Teachers union calls DPS layoffs ‘hazardous to students;’ Lolli defends vote

A crowd of people protest layoffs of teachers, especially in the arts, outside the Dayton Public Schools headquarters building on Ludlow Street Aug. 28, 2020.

Credit: Marshall Gorby

Credit: Marshall Gorby

A crowd of people protest layoffs of teachers, especially in the arts, outside the Dayton Public Schools headquarters building on Ludlow Street Aug. 28, 2020.

Dayton’s teachers union on Tuesday released a statement criticizing broad temporary layoffs by the school board, calling them “terribly hazardous to our students and their families” by eliminating student services and reducing academic offerings.

“Now more than ever, Dayton students and their families are in need of medical support and social/emotional care,” Dayton Education Association President David Romick said, citing stresses tied to the COVID-19 pandemic. “School nurses, school counselors, and certified educators are trained and licensed to provide much-needed support to special needs students, medically fragile learners, foster children, and those children at risk of abuse or neglect.”

The 241 temporary layoffs and furloughs approved in a 4-3 school board vote Friday affect 114 teachers union members, 56 bus drivers and 46 clerical employees, plus 25 non-union administrators and district support staff. The moves take effect Sept. 8-14.

Agreements with the unions mean that those laid off will retain their health insurance, with the district footing the bill, and that once the schools go back to in-person classes, the laid-off and furloughed staff will be brought back.

On the teachers union side, the largest groups affected by the layoffs were 20 music teachers, 19 art teachers, 16 preschool teachers and 14 physical education teachers, plus 22 school nurses.

“Dayton students are already less likely to have family access to artistic and musical resources and are always in need of physical activity to engage their bodies as well as their minds,” Romick said. “The Dayton Education Association applauds all other urban school districts in Ohio, and our neighboring remote learning districts here in Montgomery County, that have found a way to keep these student learning conditions intact in their remote learning models.”

DPS Superintendent Elizabeth Lolli said the cuts were painful, but she argued that those courses are “not conducive” to high-quality online learning when students lack instruments or needed supplies. She said retaining those staff would be “educationally and financially questionable.”

“We made reductions because there are subjects where online instruction is simply less effective, like hands-on classes in music, art and even PE,” Lolli said Tuesday. “There, we are providing most content on video and twice-weekly enrichment per grade level K-6 and with live classes for grades 7-8 in art and music. Health instead of PE has also been implemented in grades 7-12.”

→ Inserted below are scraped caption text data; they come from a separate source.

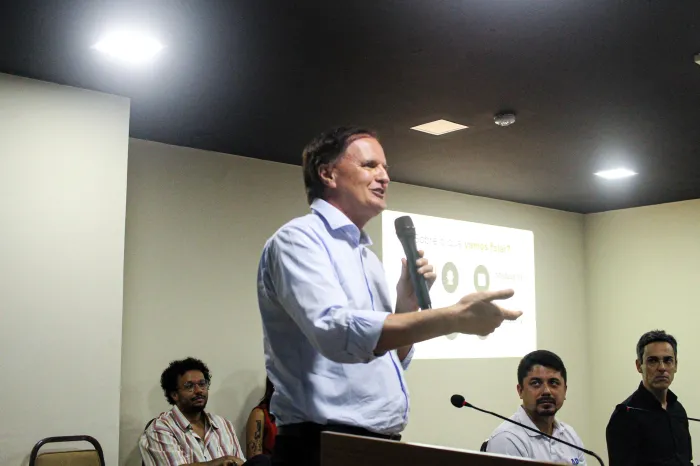 Oficina debate saúde do homem, masculinidade e paternidade equitativa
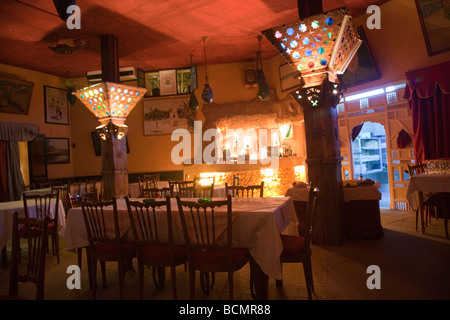 Le Petit Prince ist eine charmante Bar und Restaurant in Tozeur, Tunesien, bietet ausgezeichnete Küche, darunter Couscous und Kaninchen. Stockfoto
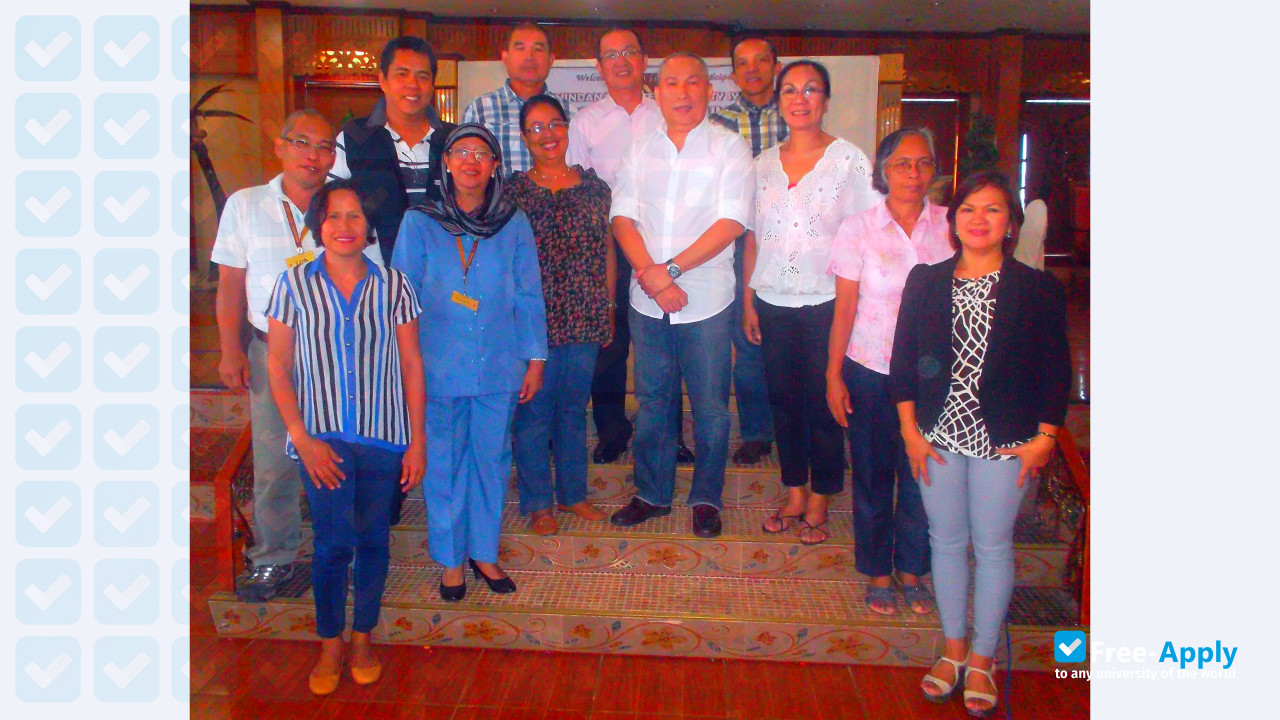 Foto de la Mindanao State University General Santos #4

The union’s “student learning conditions” argument is one they have used before. In their fight for a new contract in August of 2017, union members carried signs arguing, “teacher working conditions are student learning conditions.”

Romick also criticized the school board’s broad cuts to preschool, saying they hurt both students and the families who rely on preschool teachers as resources.

“The community supported universal preschool as a ballot initiative in 2016, after realizing the need for robust early childhood education in Dayton,” he said. “Our Ohio-licensed preschool educators are uniquely trained to provide learning strategies and techniques to parents preparing their children for school. This should, and certainly could, continue during the Dayton remote learning period. The early childhood years can never be recouped.”

Lolli defended the district’s approach on preschool Tuesday, saying those youngest children could not stay engaged for significant stretches of time via screens rather than special classroom environments with “sand and water tables, dramatic play centers” and more.

The district is still trying to address student mental and physical health. Lolli said one counselor remains in each school, plus DPS hired student resiliency coordinators from Dayton Children’s, and the district health center at Roosevelt Elementary is still open for all DPS families.

“We do not take this lightly, are evaluating the situation carefully and regularly, and will resume in person instruction and bring temporarily furloughed people back as soon as health and safety permit,” she said.